Masa abad ke-19 meluncur turun dengan cepat dan kapitalisme di seluruh dunia memasuki tahapan baru, yakni tahap imperialisme modern di Indonesia pun imperialisme modern datang menggantikan mperialisme kolot pada tahun 1870, dengan segala akibat dan manifestasinya; kekayaan kemewahan, keangkuhan pada bangsa kulit putih dan kemiskinan, kemelaratan, dan perbudakan pada rakyat Indonesia.

Di Jawa Timur, dengan pelabuhan Surabaya sebagai jantungnya segala kegiatan, terjadi penumpukan kekayaan di suatu pihak dan pemeralatan di lain pihak berjalan dengna sangat pesat dan memedihkan.

Keluarga Sosro Soekemi, ayahanda Bung Karno, mendapat juga bagian dari kemiskinan itu.
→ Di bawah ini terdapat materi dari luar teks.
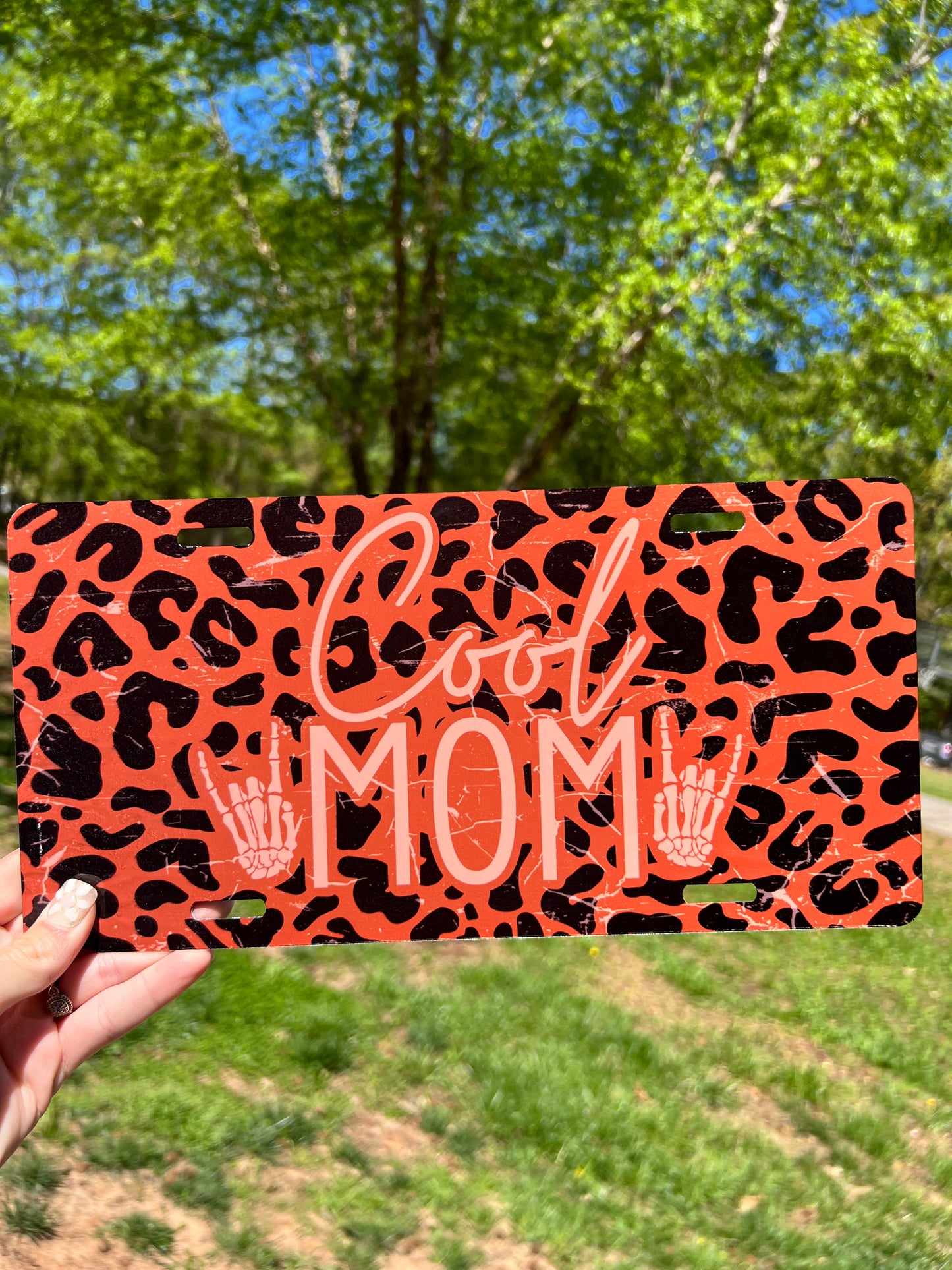 Leopard Cool Mom License Plate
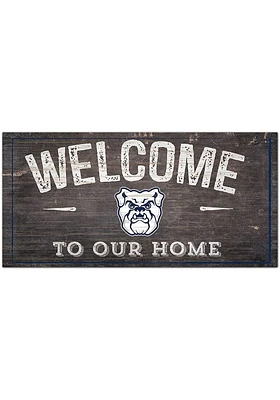 Butler Bulldogs Welcome Distressed Sign - Green
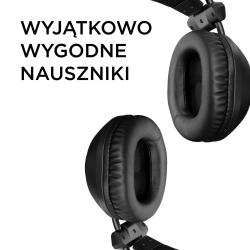 Rampage RM-K19 Plus Przewodowe słuchawki gamingowe z mikrofonem, nauszne, RGB, USB, czarne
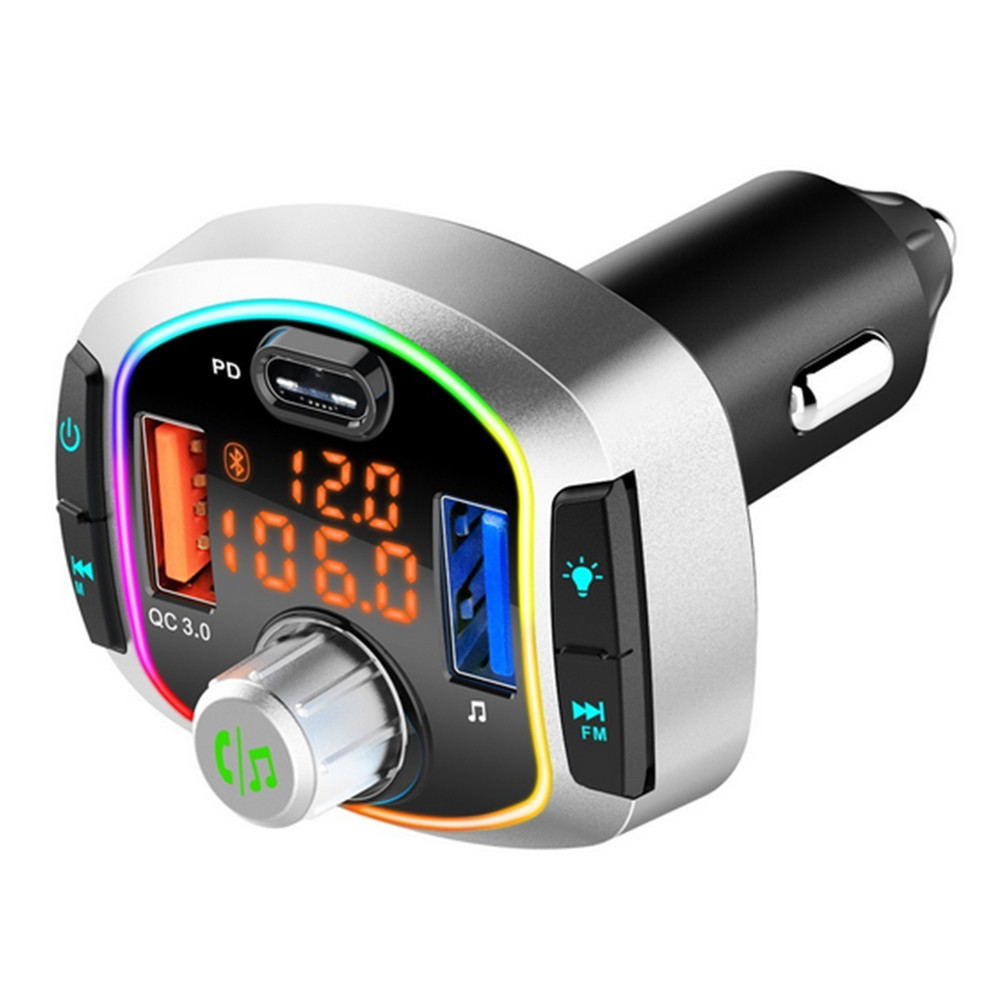Car Stereo Bluetooth 5.0 FM Transmitter MP3 Hands free Radio Adapter USB Charger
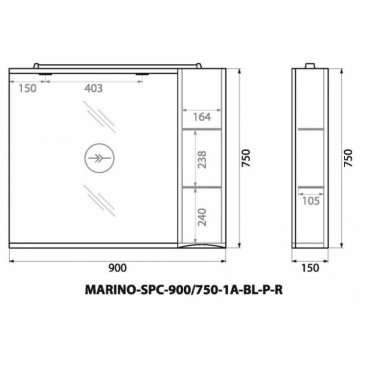 Зеркало со шкафчиком BelBagno Marino 90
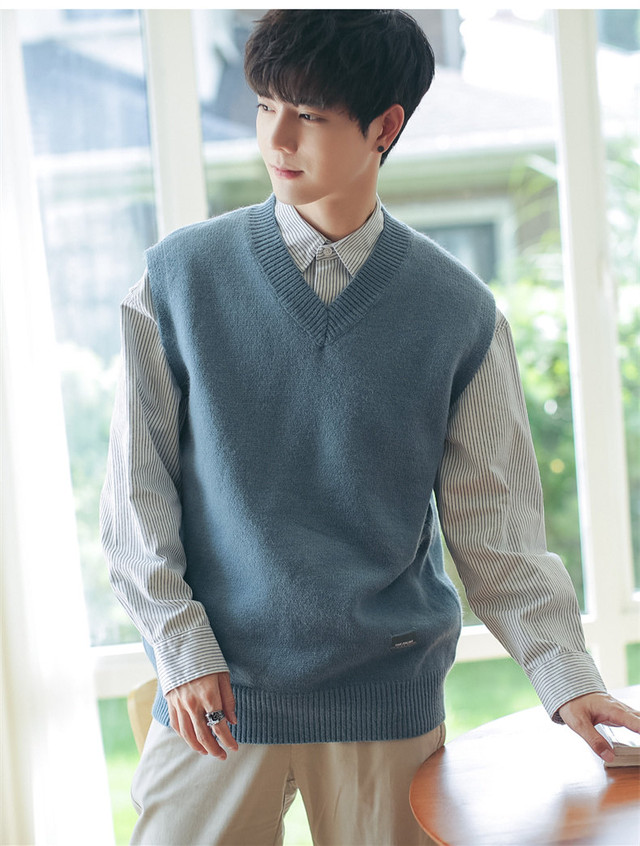 ニットベスト メンズ セーター オフィス かっこいい ビジネス インナープルオーバー カットソー 袖なし 春 秋 冬 1224mj13 Bikewear
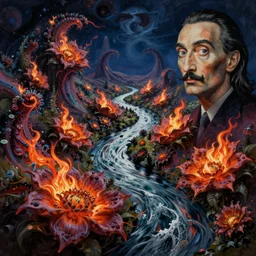 digital painting surrealism fractal flower river flame flowers fractal valley at night surreal esao andrews victor enrich dali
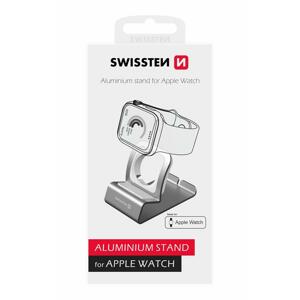 Swissten Hliníkový stojánek pro Apple Watch, stříbrný; 25005100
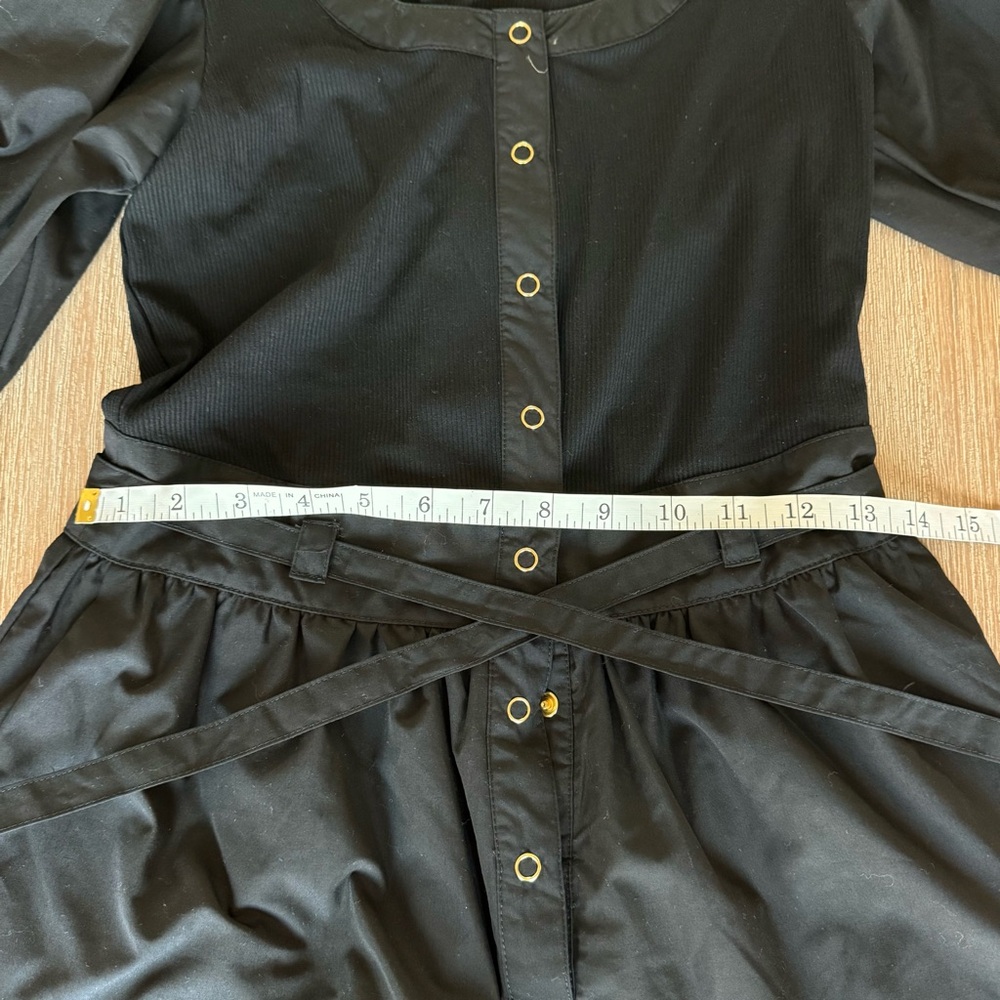 MABLE puff sleeve black romper, tie waist, Georgina, Small - Picture 6 of 9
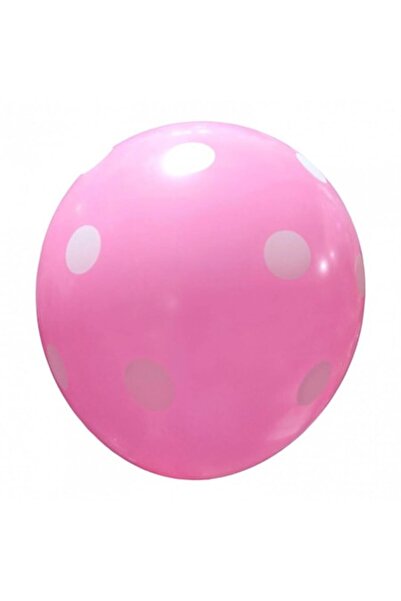 OEM Set 5 baloane din latex, 35 cm, roz cu buline albe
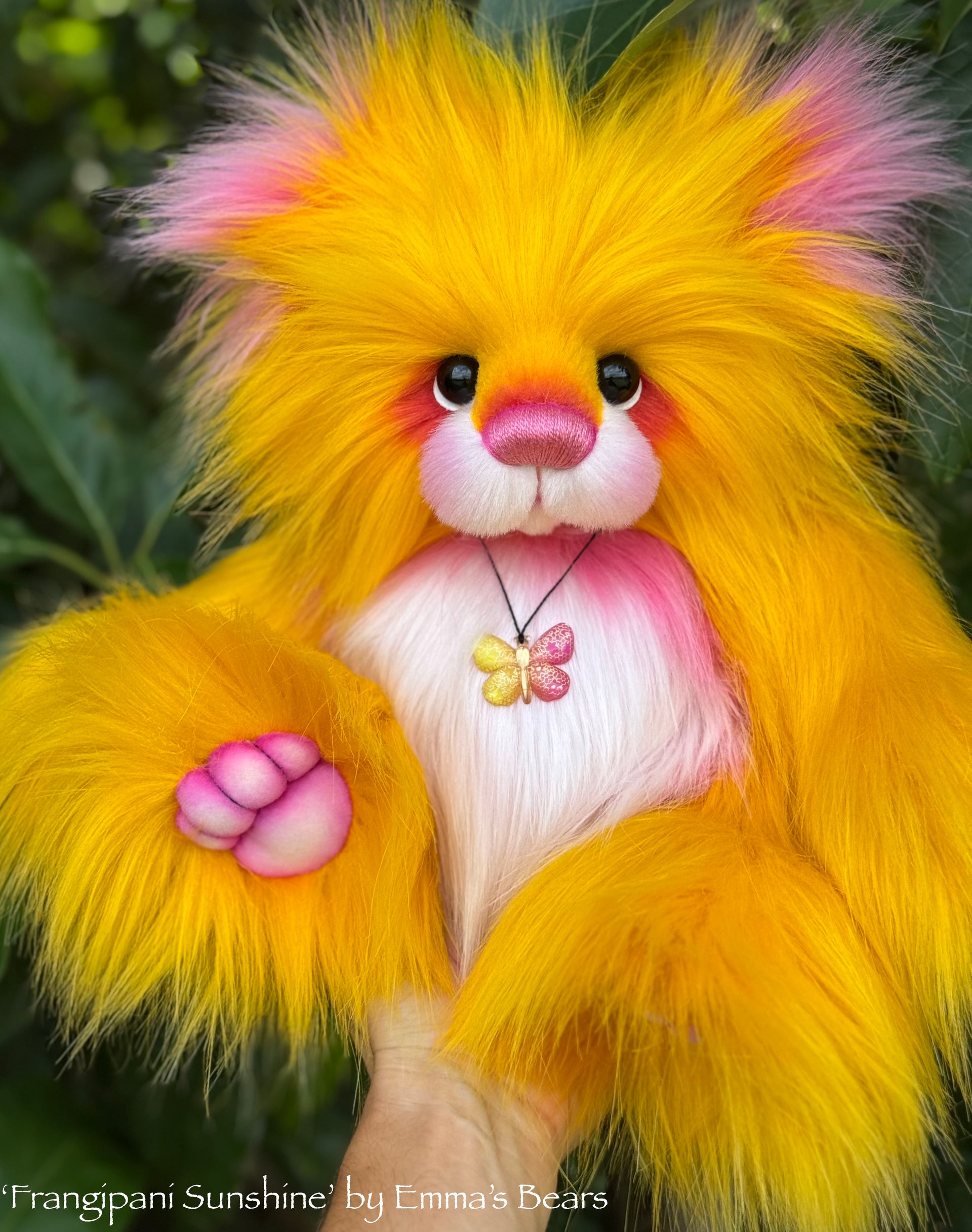 Frangipani Sunshine - 15" faux fur Artist Bear by Emma's Bears - OOAK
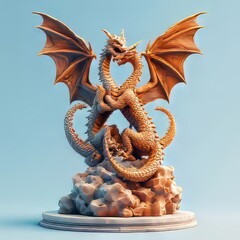 Fototapeta premium Dragon Sculpture Two Dragons Fighting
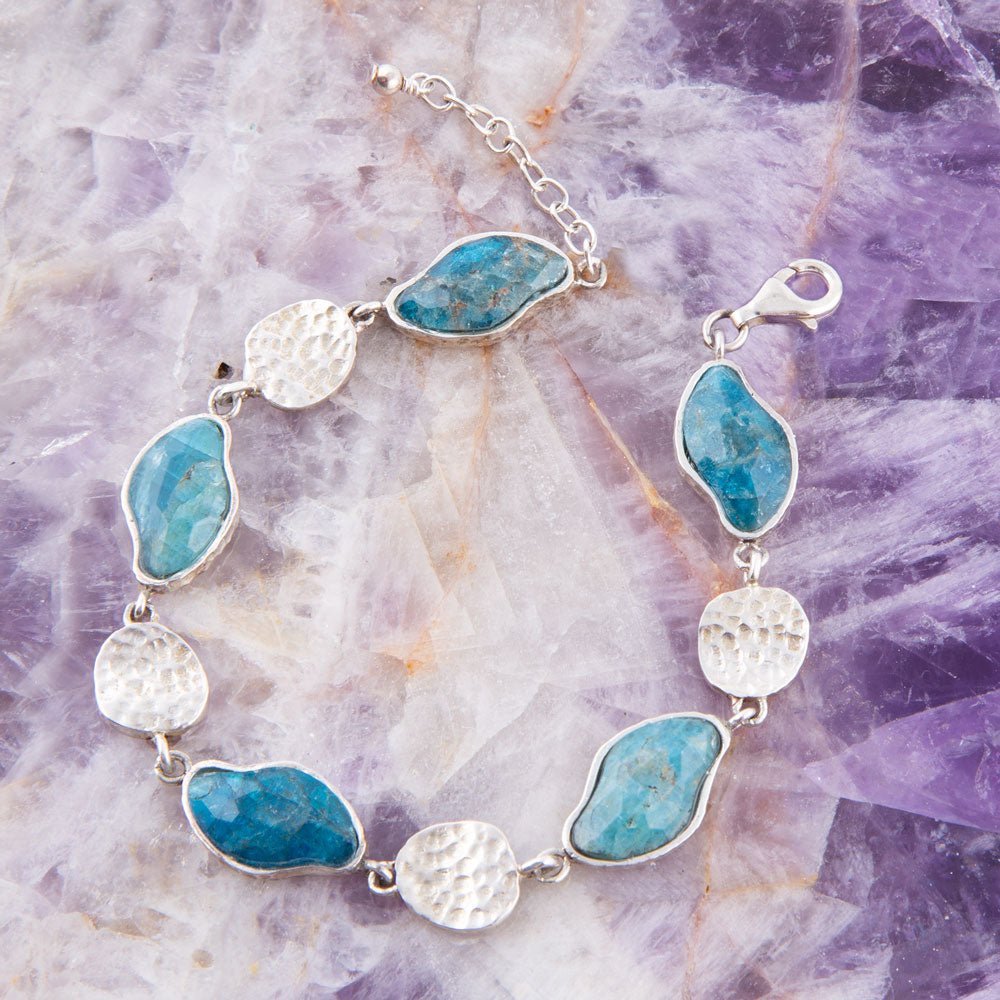Luna Blue Apatite and Sterling Silver Line Bracelet from KADOU Boutique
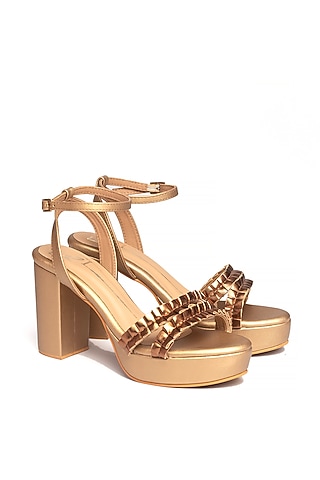 Antique Gold Faux Leather Block Heels by NIDHI BHANDARI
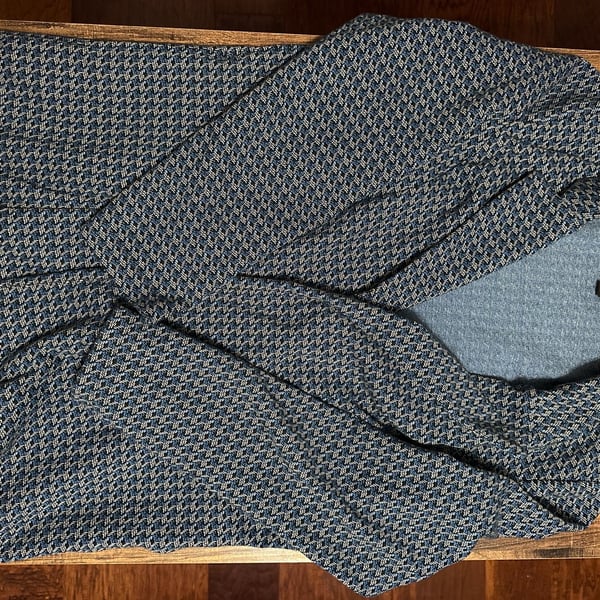 J.Jill Wearever Collection Cardigan Size L Blue Geometric Knit Shawl Collar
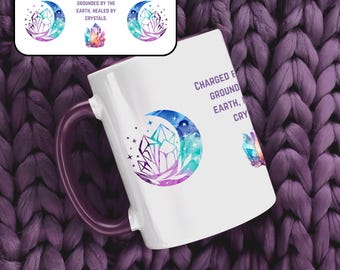 Crystals Mug | Moon Mug | Mystical Mug | Unique Mug | Gift for Crystal Lovers | Moon Phase | Magical | Astrology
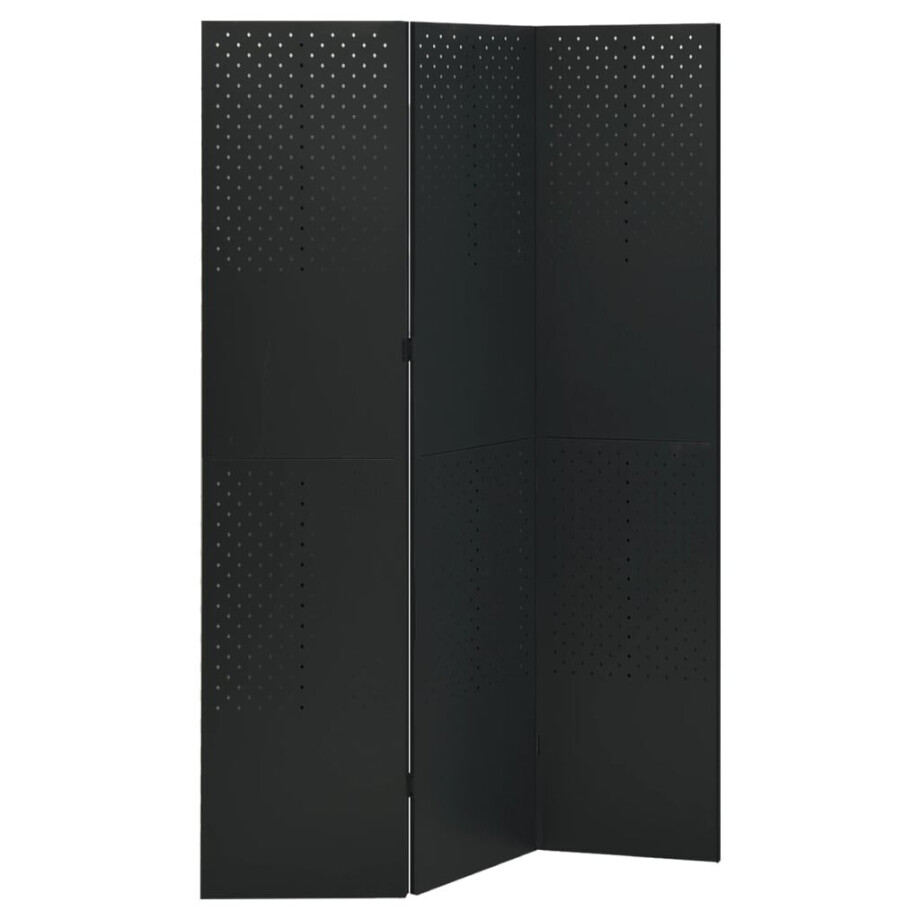 vidaXL Kamerscherm met 3 panelen 120x180 cm staal zwart vidaXL Kamerscherm met 3 panelen 120x180 cm staal zwart afbeelding 1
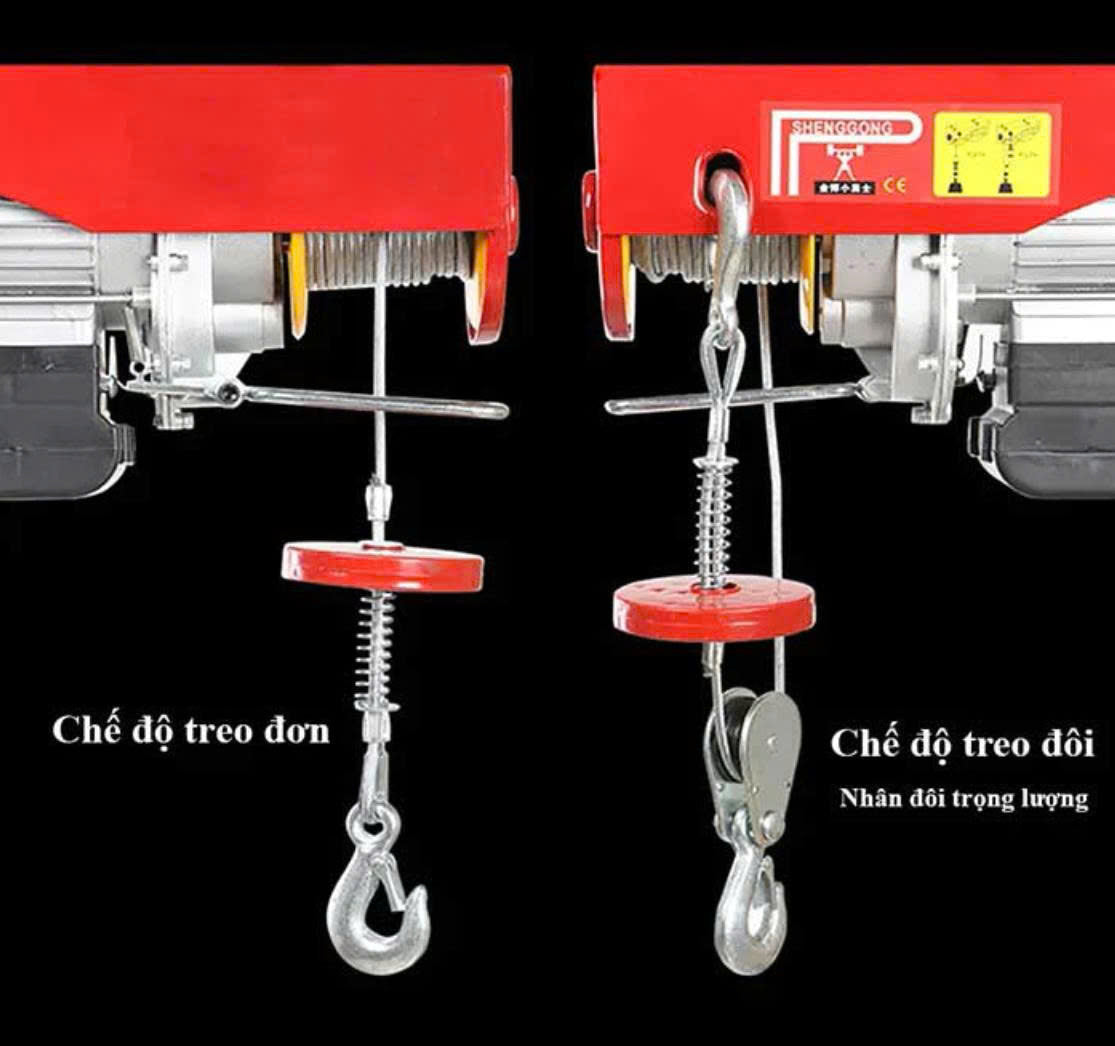 Combo Tời + con chạy trên ray thép I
Tapi, tidaklah segelap seperti yang dilukiskan didalam buku Cindy Adam. Keluarga itu tidak termasuk dalam golongan yang berada, apalagi kaya, memang mereka termasuk dalam “golongan orang kecil”.

Tubuh Bung Karno yang tegap dan vitalitasnya yang melebihi orang lain dapat dijadikan satu bukti bahwa dia di masa pertumbahannya cukup memperoleh makanan yang diperlukan.

Tetapi, imperialisme bukan saja memperbudak dan memperalat rakyat yang ditindasnya, melainkan juga lambat laun menimbulkan keinginan baru, pikiran baru, yaitu keinginan dan usaha kemerdekaan.

Kita lihat beberapa negara lain, seperti Mesir, India, dan Tiongkok, mendahului Indonesia dalam hal ini.